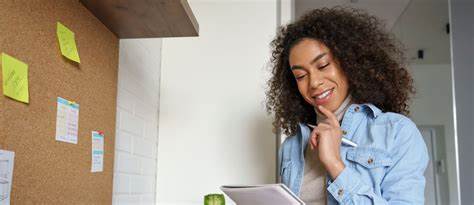 面向持有虚拟工作签证并打算在迪拜短期或一年租房的远程工作者,详尽讲解选区、看房、签约、支付、装配网络与生活配套等关键环节,帮助你在有限时间内完成租房并保障远程办公的连续性与舒适度。
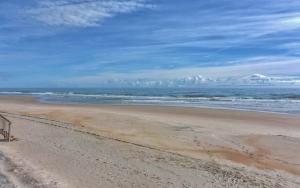 Gallery image of Loggerhead Lookout in Surf City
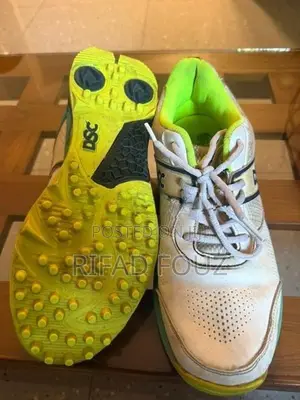 cricket shoes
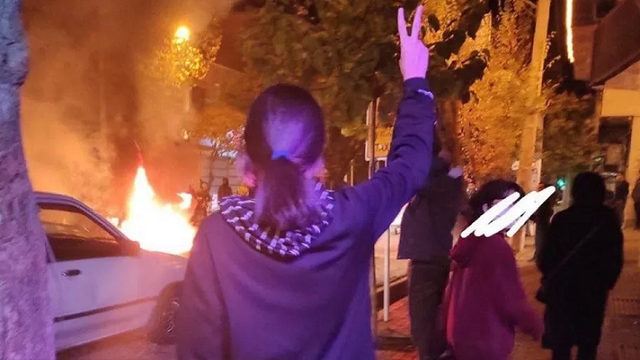 ‘সৃষ্টিকর্তার বিরুদ্ধে শত্রুতা’, ইরানে ৪ বিক্ষোভকারীর মৃত্যুদণ্ড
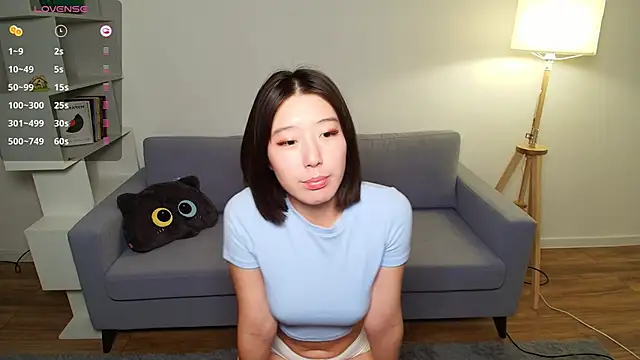 KokoMiu online show from 12/05/25, 02:48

━━━

What you should do. Leave the pictures out. Otherwise, output the listing above exactly.

Written response.
 面向持有虚拟工作签证并打算在迪拜短期或一年租房的远程工作者,详尽讲解选区、看房、签约、支付、装配网络与生活配套等关键环节,帮助你在有限时间内完成租房并保障远程办公的连续性与舒适度。
 Gallery image of Loggerhead Lookout in Surf City
 cricket shoes
 ‘সৃষ্টিকর্তার বিরুদ্ধে শত্রুতা’, ইরানে ৪ বিক্ষোভকারীর মৃত্যুদণ্ড
 KokoMiu online show from 12/05/25, 02:48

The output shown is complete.